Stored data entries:
[Start of section]

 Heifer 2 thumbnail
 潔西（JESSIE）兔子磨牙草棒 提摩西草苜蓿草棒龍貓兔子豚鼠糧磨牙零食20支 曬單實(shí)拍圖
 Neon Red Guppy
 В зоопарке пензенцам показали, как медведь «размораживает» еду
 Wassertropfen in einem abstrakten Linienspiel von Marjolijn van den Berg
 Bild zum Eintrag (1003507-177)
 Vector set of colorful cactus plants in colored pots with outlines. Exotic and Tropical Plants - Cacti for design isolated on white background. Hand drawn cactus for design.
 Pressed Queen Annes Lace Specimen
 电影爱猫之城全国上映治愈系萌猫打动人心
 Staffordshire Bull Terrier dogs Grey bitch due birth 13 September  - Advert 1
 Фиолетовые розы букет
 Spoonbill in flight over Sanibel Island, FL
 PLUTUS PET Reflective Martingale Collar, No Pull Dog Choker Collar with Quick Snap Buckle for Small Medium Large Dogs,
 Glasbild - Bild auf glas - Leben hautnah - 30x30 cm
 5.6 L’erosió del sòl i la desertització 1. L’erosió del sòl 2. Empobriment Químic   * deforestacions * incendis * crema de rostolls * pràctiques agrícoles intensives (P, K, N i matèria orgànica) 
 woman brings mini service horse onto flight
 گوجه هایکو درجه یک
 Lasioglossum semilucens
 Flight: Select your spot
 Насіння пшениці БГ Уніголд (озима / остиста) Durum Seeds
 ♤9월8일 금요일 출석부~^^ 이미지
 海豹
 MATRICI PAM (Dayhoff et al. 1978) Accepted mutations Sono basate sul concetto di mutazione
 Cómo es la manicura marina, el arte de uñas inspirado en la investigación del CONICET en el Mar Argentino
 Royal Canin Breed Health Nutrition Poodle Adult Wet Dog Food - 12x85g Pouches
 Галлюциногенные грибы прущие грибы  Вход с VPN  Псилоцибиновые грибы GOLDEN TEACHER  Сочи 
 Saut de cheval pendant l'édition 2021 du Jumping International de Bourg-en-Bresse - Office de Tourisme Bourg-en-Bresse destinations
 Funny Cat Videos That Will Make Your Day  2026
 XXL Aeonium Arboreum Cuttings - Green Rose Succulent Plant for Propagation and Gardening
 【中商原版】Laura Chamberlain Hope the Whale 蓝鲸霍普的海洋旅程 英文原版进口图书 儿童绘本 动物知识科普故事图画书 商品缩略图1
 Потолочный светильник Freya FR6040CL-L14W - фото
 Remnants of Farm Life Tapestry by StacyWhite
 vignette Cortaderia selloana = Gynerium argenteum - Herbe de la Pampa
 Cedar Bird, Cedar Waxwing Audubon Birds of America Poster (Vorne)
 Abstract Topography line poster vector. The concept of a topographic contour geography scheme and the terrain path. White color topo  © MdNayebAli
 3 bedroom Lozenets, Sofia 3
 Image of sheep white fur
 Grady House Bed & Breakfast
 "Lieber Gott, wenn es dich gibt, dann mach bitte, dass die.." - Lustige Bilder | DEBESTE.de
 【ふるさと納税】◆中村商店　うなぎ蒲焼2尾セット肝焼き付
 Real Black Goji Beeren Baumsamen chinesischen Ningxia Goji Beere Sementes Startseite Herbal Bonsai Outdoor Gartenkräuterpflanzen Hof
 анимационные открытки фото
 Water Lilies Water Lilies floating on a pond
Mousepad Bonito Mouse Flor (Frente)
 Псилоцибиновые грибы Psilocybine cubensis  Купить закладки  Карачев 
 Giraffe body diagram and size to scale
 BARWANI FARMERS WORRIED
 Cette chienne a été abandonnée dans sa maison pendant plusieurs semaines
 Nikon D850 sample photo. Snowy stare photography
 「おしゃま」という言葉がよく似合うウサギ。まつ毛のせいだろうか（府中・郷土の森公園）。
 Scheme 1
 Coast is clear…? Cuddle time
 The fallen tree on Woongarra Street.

[End of section]

Work to complete:
All of the entries should be output exactly as they appear above.

Solution for this task:
 Heifer 2 thumbnail
 潔西（JESSIE）兔子磨牙草棒 提摩西草苜蓿草棒龍貓兔子豚鼠糧磨牙零食20支 曬單實(shí)拍圖
 Neon Red Guppy
 В зоопарке пензенцам показали, как медведь «размораживает» еду
 Wassertropfen in einem abstrakten Linienspiel von Marjolijn van den Berg
 Bild zum Eintrag (1003507-177)
 Vector set of colorful cactus plants in colored pots with outlines. Exotic and Tropical Plants - Cacti for design isolated on white background. Hand drawn cactus for design.
 Pressed Queen Annes Lace Specimen
 电影爱猫之城全国上映治愈系萌猫打动人心
 Staffordshire Bull Terrier dogs Grey bitch due birth 13 September  - Advert 1
 Фиолетовые розы букет
 Spoonbill in flight over Sanibel Island, FL
 PLUTUS PET Reflective Martingale Collar, No Pull Dog Choker Collar with Quick Snap Buckle for Small Medium Large Dogs,
 Glasbild - Bild auf glas - Leben hautnah - 30x30 cm
 5.6 L’erosió del sòl i la desertització 1. L’erosió del sòl 2. Empobriment Químic   * deforestacions * incendis * crema de rostolls * pràctiques agrícoles intensives (P, K, N i matèria orgànica) 
 woman brings mini service horse onto flight
 گوجه هایکو درجه یک
 Lasioglossum semilucens
 Flight: Select your spot
 Насіння пшениці БГ Уніголд (озима / остиста) Durum Seeds
 ♤9월8일 금요일 출석부~^^ 이미지
 海豹
 MATRICI PAM (Dayhoff et al. 1978) Accepted mutations Sono basate sul concetto di mutazione
 Cómo es la manicura marina, el arte de uñas inspirado en la investigación del CONICET en el Mar Argentino
 Royal Canin Breed Health Nutrition Poodle Adult Wet Dog Food - 12x85g Pouches
 Галлюциногенные грибы прущие грибы  Вход с VPN  Псилоцибиновые грибы GOLDEN TEACHER  Сочи 
 Saut de cheval pendant l'édition 2021 du Jumping International de Bourg-en-Bresse - Office de Tourisme Bourg-en-Bresse destinations
 Funny Cat Videos That Will Make Your Day  2026
 XXL Aeonium Arboreum Cuttings - Green Rose Succulent Plant for Propagation and Gardening
 【中商原版】Laura Chamberlain Hope the Whale 蓝鲸霍普的海洋旅程 英文原版进口图书 儿童绘本 动物知识科普故事图画书 商品缩略图1
 Потолочный светильник Freya FR6040CL-L14W - фото
 Remnants of Farm Life Tapestry by StacyWhite
 vignette Cortaderia selloana = Gynerium argenteum - Herbe de la Pampa
 Cedar Bird, Cedar Waxwing Audubon Birds of America Poster (Vorne)
 Abstract Topography line poster vector. The concept of a topographic contour geography scheme and the terrain path. White color topo  © MdNayebAli
 3 bedroom Lozenets, Sofia 3
 Image of sheep white fur
 Grady House Bed & Breakfast
 "Lieber Gott, wenn es dich gibt, dann mach bitte, dass die.." - Lustige Bilder | DEBESTE.de
 【ふるさと納税】◆中村商店　うなぎ蒲焼2尾セット肝焼き付
 Real Black Goji Beeren Baumsamen chinesischen Ningxia Goji Beere Sementes Startseite Herbal Bonsai Outdoor Gartenkräuterpflanzen Hof
 анимационные открытки фото
 Water Lilies Water Lilies floating on a pond
Mousepad Bonito Mouse Flor (Frente)
 Псилоцибиновые грибы Psilocybine cubensis  Купить закладки  Карачев 
 Giraffe body diagram and size to scale
 BARWANI FARMERS WORRIED
 Cette chienne a été abandonnée dans sa maison pendant plusieurs semaines
 Nikon D850 sample photo. Snowy stare photography
 「おしゃま」という言葉がよく似合うウサギ。まつ毛のせいだろうか（府中・郷土の森公園）。
 Scheme 1
 Coast is clear…? Cuddle time
 The fallen tree on Woongarra Street.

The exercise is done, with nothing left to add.